The Church says Paul in his first letter to the Corinthians is very much like a person. It is constituted from different parts that together make up a unique whole.

The church he says is like a human body. The Church, like the human body, is made up of different parts that all have their own unique part to play in making the whole body function. Hands are there to hold things, touch things, gesticulate with. Feet are there to walk with, run with, or even put up when one is tired. Legs are there to carry us around and without them the feet would not be much use. Same goes for the arms in relation to the hands, hands but no arms would severely restrict the use of hands….. and so on. He doesn’t even go into the finer dynamics, into the millions of bits and pieces that together make each and every one of us what we are: unique, walking, talking, eating, sleeping, communicating personalities. Paul just limits his comparison to the very obvious: legs, arms, head, eyes, mouth, ears.

We all got those. And we all have experience with their workings, we know how wonderful it is when our different body-parts seem to work together effortlessly, but we also know how awkward it can be when one or more stop functioning the way we would want them to.

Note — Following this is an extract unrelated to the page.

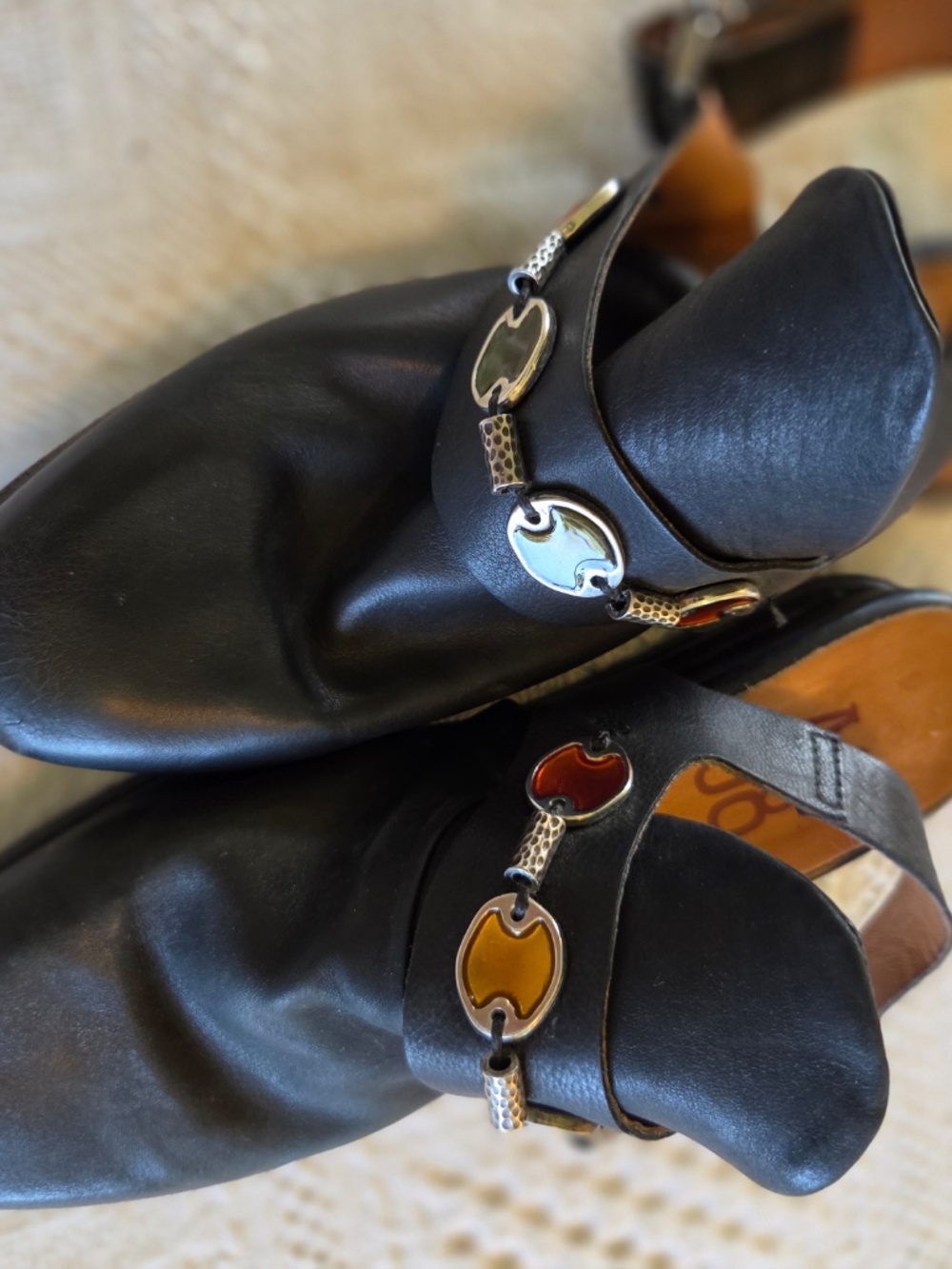 A.S. 98 sling back sandles 5.5 black leather outer and lining faux jewels Italy - Picture 4 of 13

It all has to work together, if it doesn’t life can become very difficult in many respects.

The Church says Paul is like a body, in fact it is a body. A body made up of people who each have a necessary contribution to make for the whole of the body to be able to function properly. Together all these different people with their different gifts, talents, strengths and weaknesses are called to be Christ in the world. It is through this community, in this community of different and unique people that Christ takes shape, takes on a tangible form after his death and resurrection. It is here the Holy Spirit materialises in different ways, through different gifts, services and activities in human beings, serving the world, of people serving each other in imitation of Christ.

There is a place for everybody, whatever or whoever, everybody’s gifts are somehow part of the plan, part of the whole that, by God, has been designated to make a difference in the world through service, through a life lived for others in the footsteps of Christ. And each and everyone has his or her unique role to play in that. A role that may change over time. John for instance has today given us joy with his enthusiastic and energetic way of being, his lack of inhibition. His baptism reminding us of our own baptism, or the baptism of our children, or even our grandchildren, bringing back to mind the commitments we ourselves have made over time in the Church. Later on he will hopefully become a responsible, matured individual perhaps involved in the Church or religion, or perhaps making other choices.
John will change, as we all do when we grow up and even after we’ve grown up.
Those of us who have been around a little longer will know that from experience: The life of the members of the body of Christ is in no way static, but is always moving, growing, changing. And because each of us does this growing, moving and changing the whole body of Christ, the Church is per definition a community that changes with the members that constitute it.

It is a living thing.
And that is what it is meant to be, by God.
A very special living organism that breaths with the breath of the Spirit, that is held together in unity by God himself, that finds it’s one example in Jesus Christ. Through the Church, through the people that together are the Church, God is present both in the lives of those who are part of the Church but at the same time through them and their lives and deeds in the world as a whole.
In the Church God moves in us and through us, moulding us into a living, breathing and well functioning organism through which His love and mercy will take shape in the world. Pulling us together, giving us direction, guiding our steps, feeding us, nurturing us, supporting us through his Spirit changing us into more than the sum of the components we ourselves and all of us together as a Church are made off.